[Requirement]
Produce a verbatim transcription of all records.

=-=-=

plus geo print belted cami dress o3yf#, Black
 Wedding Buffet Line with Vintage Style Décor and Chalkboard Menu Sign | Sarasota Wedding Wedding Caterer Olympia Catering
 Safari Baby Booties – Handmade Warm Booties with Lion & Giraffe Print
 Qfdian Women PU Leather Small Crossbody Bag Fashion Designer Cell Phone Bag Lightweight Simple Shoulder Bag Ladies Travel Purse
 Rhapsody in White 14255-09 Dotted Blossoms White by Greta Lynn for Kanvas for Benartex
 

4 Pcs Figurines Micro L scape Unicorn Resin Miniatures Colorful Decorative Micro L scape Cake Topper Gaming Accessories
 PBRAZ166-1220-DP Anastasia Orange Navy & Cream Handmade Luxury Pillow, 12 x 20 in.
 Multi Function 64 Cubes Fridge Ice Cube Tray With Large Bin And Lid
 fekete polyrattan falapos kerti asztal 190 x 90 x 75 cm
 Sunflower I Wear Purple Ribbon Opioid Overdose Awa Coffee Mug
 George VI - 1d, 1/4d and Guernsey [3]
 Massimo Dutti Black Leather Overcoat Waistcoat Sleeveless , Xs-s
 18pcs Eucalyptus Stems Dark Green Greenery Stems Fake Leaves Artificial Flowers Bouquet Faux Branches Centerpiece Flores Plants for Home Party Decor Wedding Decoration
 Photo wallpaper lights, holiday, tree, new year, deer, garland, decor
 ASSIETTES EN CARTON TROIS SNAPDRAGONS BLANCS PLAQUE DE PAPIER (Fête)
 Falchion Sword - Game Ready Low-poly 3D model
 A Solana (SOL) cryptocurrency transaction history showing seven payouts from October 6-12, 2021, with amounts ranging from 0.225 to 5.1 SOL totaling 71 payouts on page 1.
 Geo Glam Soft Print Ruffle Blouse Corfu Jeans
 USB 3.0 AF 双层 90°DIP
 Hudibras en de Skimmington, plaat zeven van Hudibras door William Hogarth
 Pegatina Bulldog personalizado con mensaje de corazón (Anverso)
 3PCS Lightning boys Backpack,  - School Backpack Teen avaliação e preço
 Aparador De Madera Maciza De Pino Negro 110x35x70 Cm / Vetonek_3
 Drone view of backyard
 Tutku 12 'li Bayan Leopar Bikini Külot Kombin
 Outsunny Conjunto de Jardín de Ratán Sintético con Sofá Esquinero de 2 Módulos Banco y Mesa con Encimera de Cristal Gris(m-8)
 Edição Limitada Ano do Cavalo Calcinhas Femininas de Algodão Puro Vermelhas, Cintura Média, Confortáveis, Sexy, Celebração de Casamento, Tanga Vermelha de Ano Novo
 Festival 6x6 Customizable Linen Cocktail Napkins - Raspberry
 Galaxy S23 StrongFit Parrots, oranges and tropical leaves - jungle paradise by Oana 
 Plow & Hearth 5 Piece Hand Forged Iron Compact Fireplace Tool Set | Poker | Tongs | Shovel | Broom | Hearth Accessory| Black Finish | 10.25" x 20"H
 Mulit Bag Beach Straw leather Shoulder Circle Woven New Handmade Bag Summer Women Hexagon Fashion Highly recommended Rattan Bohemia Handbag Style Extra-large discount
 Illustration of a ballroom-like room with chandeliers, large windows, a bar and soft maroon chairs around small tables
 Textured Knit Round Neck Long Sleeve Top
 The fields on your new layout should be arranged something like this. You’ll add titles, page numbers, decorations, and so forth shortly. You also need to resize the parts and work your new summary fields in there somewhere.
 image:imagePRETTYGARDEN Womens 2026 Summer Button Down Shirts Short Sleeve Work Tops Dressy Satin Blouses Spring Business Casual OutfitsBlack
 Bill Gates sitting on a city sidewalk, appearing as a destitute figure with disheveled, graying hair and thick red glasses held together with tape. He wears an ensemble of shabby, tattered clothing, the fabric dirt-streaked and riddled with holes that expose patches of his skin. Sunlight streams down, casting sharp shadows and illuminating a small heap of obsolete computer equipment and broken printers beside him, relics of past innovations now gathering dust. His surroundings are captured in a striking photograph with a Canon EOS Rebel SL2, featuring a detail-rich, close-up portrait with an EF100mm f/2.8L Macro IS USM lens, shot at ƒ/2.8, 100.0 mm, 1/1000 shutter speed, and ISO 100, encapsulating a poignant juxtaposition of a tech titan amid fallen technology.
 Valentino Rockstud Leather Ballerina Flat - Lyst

=-=-=

[Expected answer]
plus geo print belted cami dress o3yf#, Black
 Wedding Buffet Line with Vintage Style Décor and Chalkboard Menu Sign | Sarasota Wedding Wedding Caterer Olympia Catering
 Safari Baby Booties – Handmade Warm Booties with Lion & Giraffe Print
 Qfdian Women PU Leather Small Crossbody Bag Fashion Designer Cell Phone Bag Lightweight Simple Shoulder Bag Ladies Travel Purse
 Rhapsody in White 14255-09 Dotted Blossoms White by Greta Lynn for Kanvas for Benartex
 

4 Pcs Figurines Micro L scape Unicorn Resin Miniatures Colorful Decorative Micro L scape Cake Topper Gaming Accessories
 PBRAZ166-1220-DP Anastasia Orange Navy & Cream Handmade Luxury Pillow, 12 x 20 in.
 Multi Function 64 Cubes Fridge Ice Cube Tray With Large Bin And Lid
 fekete polyrattan falapos kerti asztal 190 x 90 x 75 cm
 Sunflower I Wear Purple Ribbon Opioid Overdose Awa Coffee Mug
 George VI - 1d, 1/4d and Guernsey [3]
 Massimo Dutti Black Leather Overcoat Waistcoat Sleeveless , Xs-s
 18pcs Eucalyptus Stems Dark Green Greenery Stems Fake Leaves Artificial Flowers Bouquet Faux Branches Centerpiece Flores Plants for Home Party Decor Wedding Decoration
 Photo wallpaper lights, holiday, tree, new year, deer, garland, decor
 ASSIETTES EN CARTON TROIS SNAPDRAGONS BLANCS PLAQUE DE PAPIER (Fête)
 Falchion Sword - Game Ready Low-poly 3D model
 A Solana (SOL) cryptocurrency transaction history showing seven payouts from October 6-12, 2021, with amounts ranging from 0.225 to 5.1 SOL totaling 71 payouts on page 1.
 Geo Glam Soft Print Ruffle Blouse Corfu Jeans
 USB 3.0 AF 双层 90°DIP
 Hudibras en de Skimmington, plaat zeven van Hudibras door William Hogarth
 Pegatina Bulldog personalizado con mensaje de corazón (Anverso)
 3PCS Lightning boys Backpack,  - School Backpack Teen avaliação e preço
 Aparador De Madera Maciza De Pino Negro 110x35x70 Cm / Vetonek_3
 Drone view of backyard
 Tutku 12 'li Bayan Leopar Bikini Külot Kombin
 Outsunny Conjunto de Jardín de Ratán Sintético con Sofá Esquinero de 2 Módulos Banco y Mesa con Encimera de Cristal Gris(m-8)
 Edição Limitada Ano do Cavalo Calcinhas Femininas de Algodão Puro Vermelhas, Cintura Média, Confortáveis, Sexy, Celebração de Casamento, Tanga Vermelha de Ano Novo
 Festival 6x6 Customizable Linen Cocktail Napkins - Raspberry
 Galaxy S23 StrongFit Parrots, oranges and tropical leaves - jungle paradise by Oana 
 Plow & Hearth 5 Piece Hand Forged Iron Compact Fireplace Tool Set | Poker | Tongs | Shovel | Broom | Hearth Accessory| Black Finish | 10.25" x 20"H
 Mulit Bag Beach Straw leather Shoulder Circle Woven New Handmade Bag Summer Women Hexagon Fashion Highly recommended Rattan Bohemia Handbag Style Extra-large discount
 Illustration of a ballroom-like room with chandeliers, large windows, a bar and soft maroon chairs around small tables
 Textured Knit Round Neck Long Sleeve Top
 The fields on your new layout should be arranged something like this. You’ll add titles, page numbers, decorations, and so forth shortly. You also need to resize the parts and work your new summary fields in there somewhere.
 image:imagePRETTYGARDEN Womens 2026 Summer Button Down Shirts Short Sleeve Work Tops Dressy Satin Blouses Spring Business Casual OutfitsBlack
 Bill Gates sitting on a city sidewalk, appearing as a destitute figure with disheveled, graying hair and thick red glasses held together with tape. He wears an ensemble of shabby, tattered clothing, the fabric dirt-streaked and riddled with holes that expose patches of his skin. Sunlight streams down, casting sharp shadows and illuminating a small heap of obsolete computer equipment and broken printers beside him, relics of past innovations now gathering dust. His surroundings are captured in a striking photograph with a Canon EOS Rebel SL2, featuring a detail-rich, close-up portrait with an EF100mm f/2.8L Macro IS USM lens, shot at ƒ/2.8, 100.0 mm, 1/1000 shutter speed, and ISO 100, encapsulating a poignant juxtaposition of a tech titan amid fallen technology.
 Valentino Rockstud Leather Ballerina Flat - Lyst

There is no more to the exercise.